Œuvres complètes de VoltaireGarniertome 26 (p. 123-124).

QUATRIÈME HONNÊTETÉ.

Un autre gazetier joue dans la littérature le même rôle que l’écrivain des nouvelles ecclésiastiques a joué dans l’Église de Dieu : c’est l’abbé Desfontaines[1], chassé pour ses mœurs de cette Société de Jésus, chassée de France pour ses intrigues. Il met en vers des psaumes, et on ne lit point ses vers ; il meurt de faim, et il déchire pour vivre tous ceux qui se font lire, et il le déclare ; il est enfermé à Bicêtre, et il fait des feuilles à Bicêtre ; enfin il a un successeur aussi[2]. Ce successeur est l’Élisée de cet Élie, chassé comme lui des jésuites, mis à Bicêtre comme lui, passant de Bicêtre au For-l’Évêque et au Châtelet, couvert d’opprobres publics et secrets, osant écrire et n’osant se montrer. Le nom de Fréron est devenu une injure ; et cependant il aura aussi un successeur[3], dont les sots liront les feuilles en province pour se former l’esprit et le cœur[4].

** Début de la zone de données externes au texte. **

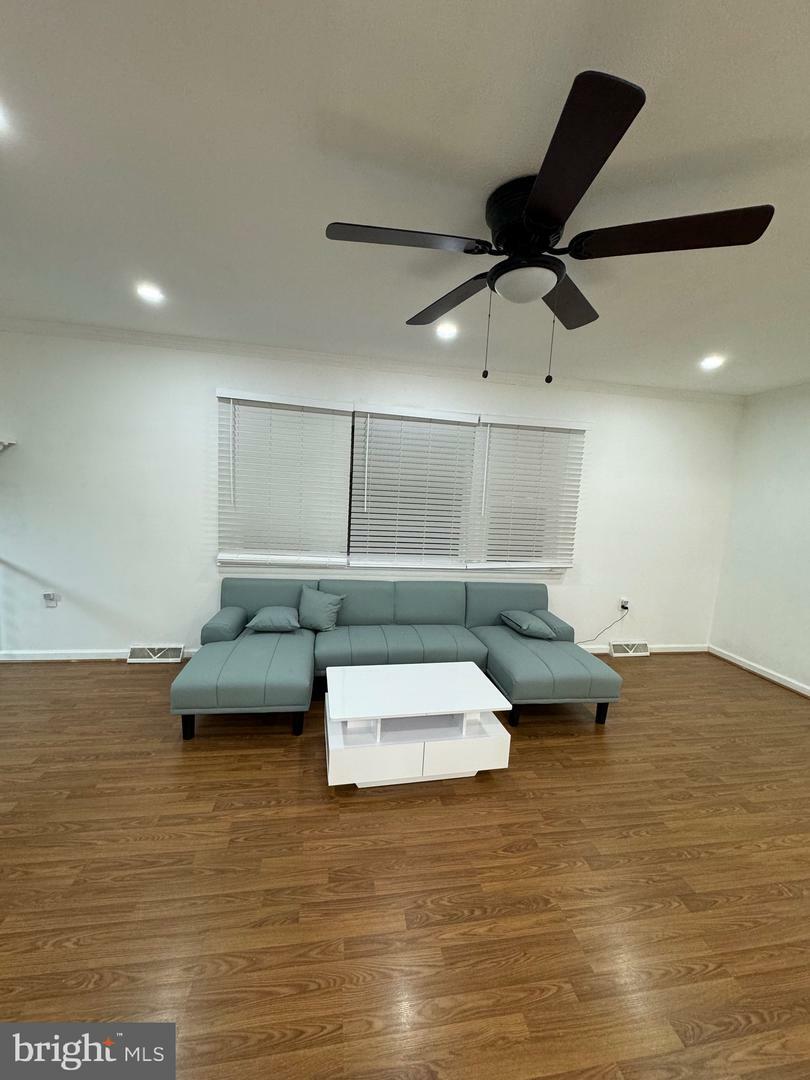 Property Photo: 176 Honeywell Drive DE 19703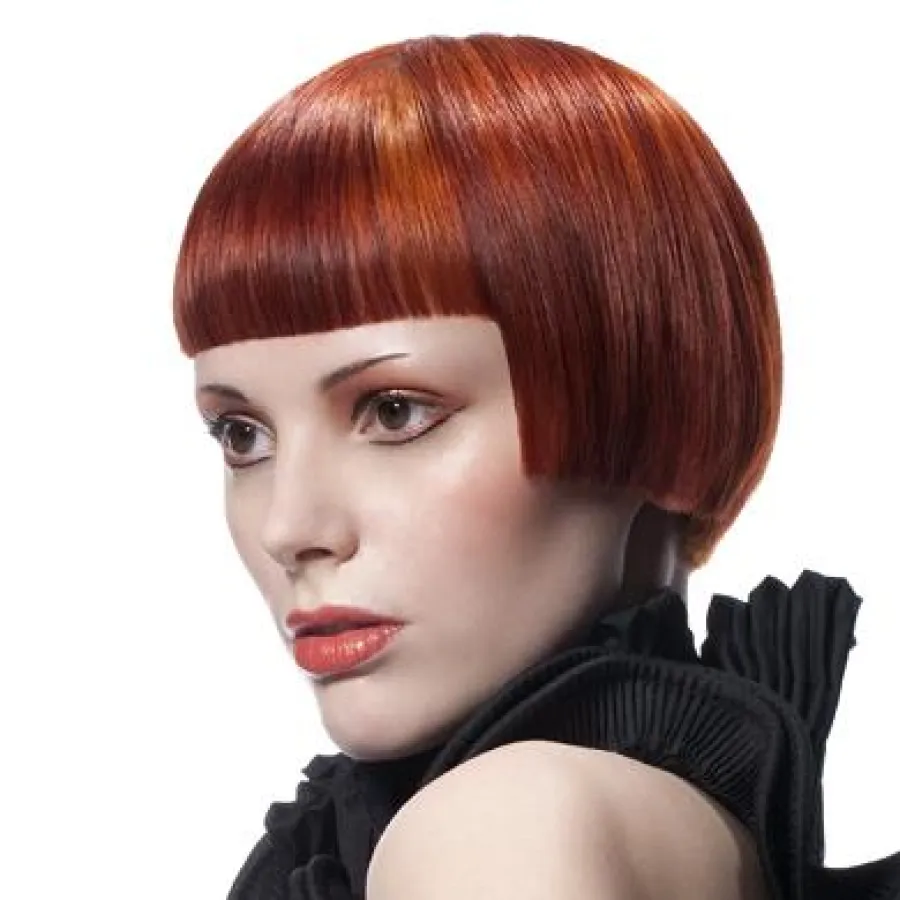 Geradlinige Schnitte und die Farbe Rot sind der Frisurentrend 2011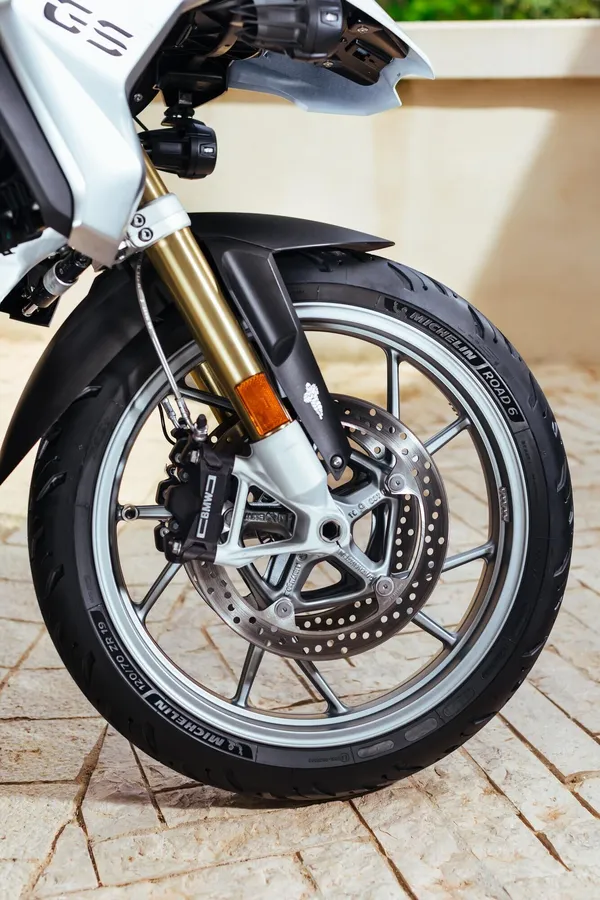 Pneu avant Michelin Road 6 120/60ZR17 (55W) TL - vue 3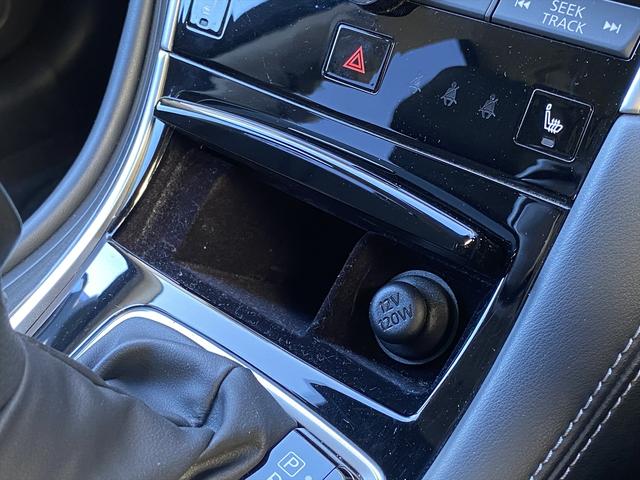 スカイライン ３５０ＧＴ　ハイブリッド　タイプＳＰ　後期・フルセグナビ・全周囲カメラ・ＢＴオーディオ・１９ＡＷ・黒革シート・シートヒーター・ＬＥＤライト・フォグ・レーダークルーズ・コーナーセンサー・ＥＴＣ・全方位運転支援システム・ＢＳＭ・ＨＵＤ（53枚目）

  1. Voyez tome XXII, page 386 ; XXIII, 25, 31, 34.
  2. Fréron ; voyez tome XXIV, page 181.
  3. Voltaire a été prophète ; Fréron a eu un successeur dans l’abbé Geoffroy (Julien-Louis), né à Rennes en 1743, mort en 1814 ; à la mort de Fréron, il le remplaça dans la rédaction de l’Année littéraire. De 1800 à 1814, il a donné, dans le Journal des Débats, un grand nombre d’articles où il se montra toujours acharné contre Voltaire. (B.)
  4. Voyez la note 1, tome IX, page 138.